Gli oli importanti, quelli che tutti vorremmo avere in dispensa, spesso sono vincitori, finalisti o concorrenti dei grandi concorsi, che ogni anno fanno una selezione per giungere, assaggio dopo assaggio e categoria per categoria alla definizione dei migliori in assoluto.

Sì, ma quest’anno?

L’Orciolo d’Oro, la competizione internazionale più antica a livello mondiale, ha preso la drastica decisione di posticipare l’assaggio dei campioni per poterli sottoporre agli assaggiatori riuniti in un contesto di assaggio ufficiale e giudizio uniforme.

L’Ercole Olivario, concorso nazionale, ha scelto i canali social per condividere con aggiornamenti quotidiani dal 20 aprile il procedere delle selezioni regionali. Seguiteli qui, rispettivamente Facebook e Instagram.

AIRO, che ha avuto la fortuna di concludere in febbraio la premiazione degli chef dell’olio – come vi abbiamo raccontato – pensa ormai all’edizione 2021. Mentre a Trieste l’edizione di quest’anno della fiera Olio Capitale è stata posposta al marzo 2021, ma si salverà probabilmente il concorso, che ha ricevuto oltre 200 iscrizioni.

6. Le guide EVO, risorsa da sfogliare

frangitura olive

Ne escono a iosa di guide su tutto, ogni anno.
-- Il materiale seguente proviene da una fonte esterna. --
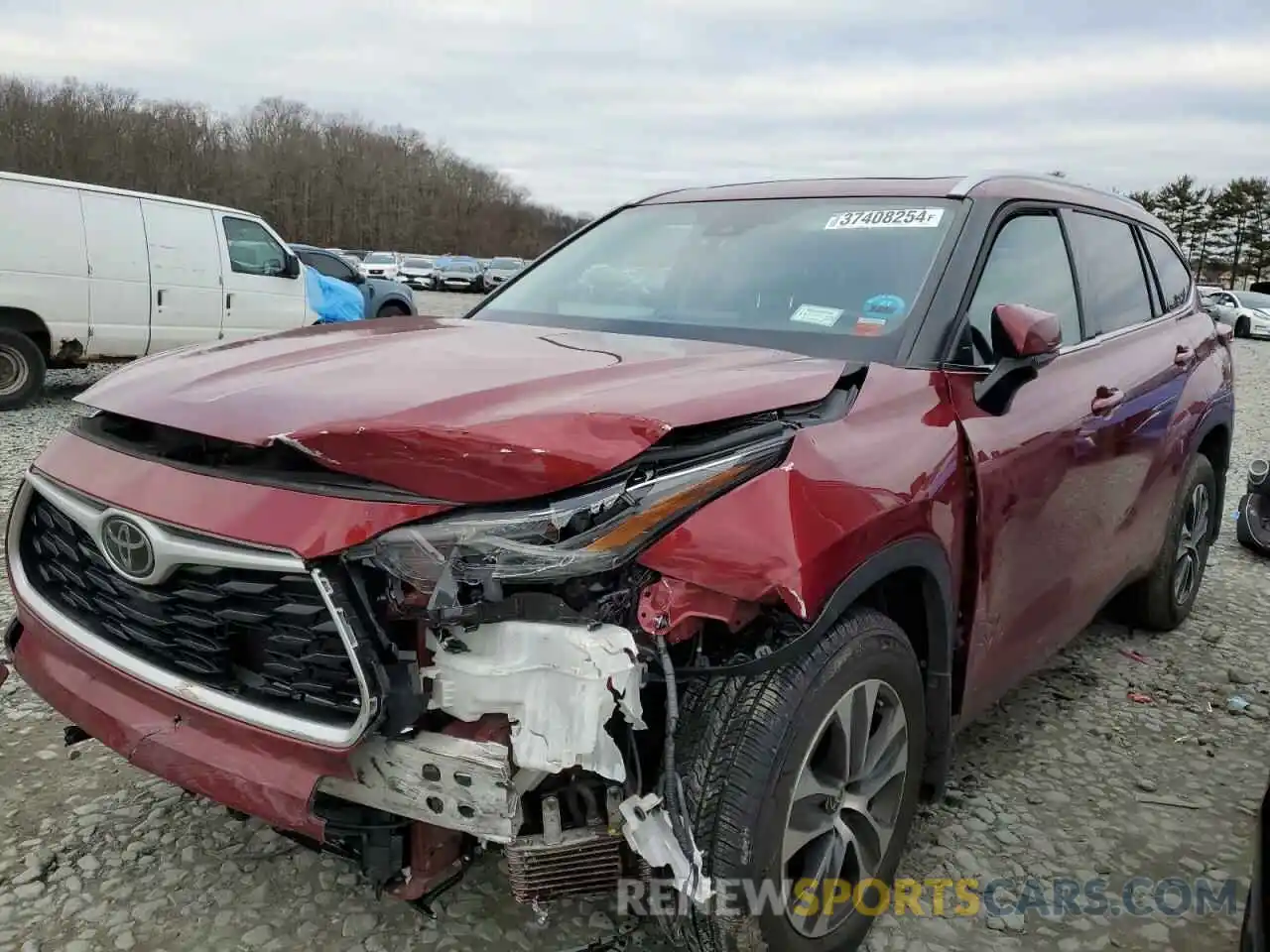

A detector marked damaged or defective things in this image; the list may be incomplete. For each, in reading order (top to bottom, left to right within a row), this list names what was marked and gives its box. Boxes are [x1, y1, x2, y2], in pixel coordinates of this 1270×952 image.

crumpled hood [79, 317, 853, 502]
broken headlight [361, 432, 790, 595]
damaged red suv [0, 173, 1230, 952]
Non fa eccezione l’olio. Tra le appena uscite: la Guida Slow Food, che per l’ultima edizione ha censito 580 realtà tra frantoi, aziende agricole e oleifici, e schedato 943 oli tra gli oltre mille assaggiati.

O la Guida Oli d’Italia del Gambero Rosso, bilingue italiano e inglese, con i migliori extravergine 100% made in Italy della raccolta 2018 e ora in commercio. 433 aziende e 712 etichette. E in più oltre 1000 indirizzi per mangiare, dormire e fare shopping gourmet intorno ai frantoi.

Molto importante: l’olio EVO si deve consumare entro i 18 mesi dalla frangitura. Le Guide recensiscono gli oli dell’anno precedente e quindi sono un riferimento più per lo storytelling sull’azienda che per il tempismo rispetto al prodotto.

7. Un descrittore che non ti aspetti nell’olio

olivo

Trovare sentori di lampone nell’olio EVO. Sentori, non lamponi. Non siamo impazziti. Nella cultivar mignola il lampone è un descrittore caratterizzante. Cioè, questa oliva – marchigiana – una volta franta, può dare un olio con il fruttato lampone che si sente al naso e al palato!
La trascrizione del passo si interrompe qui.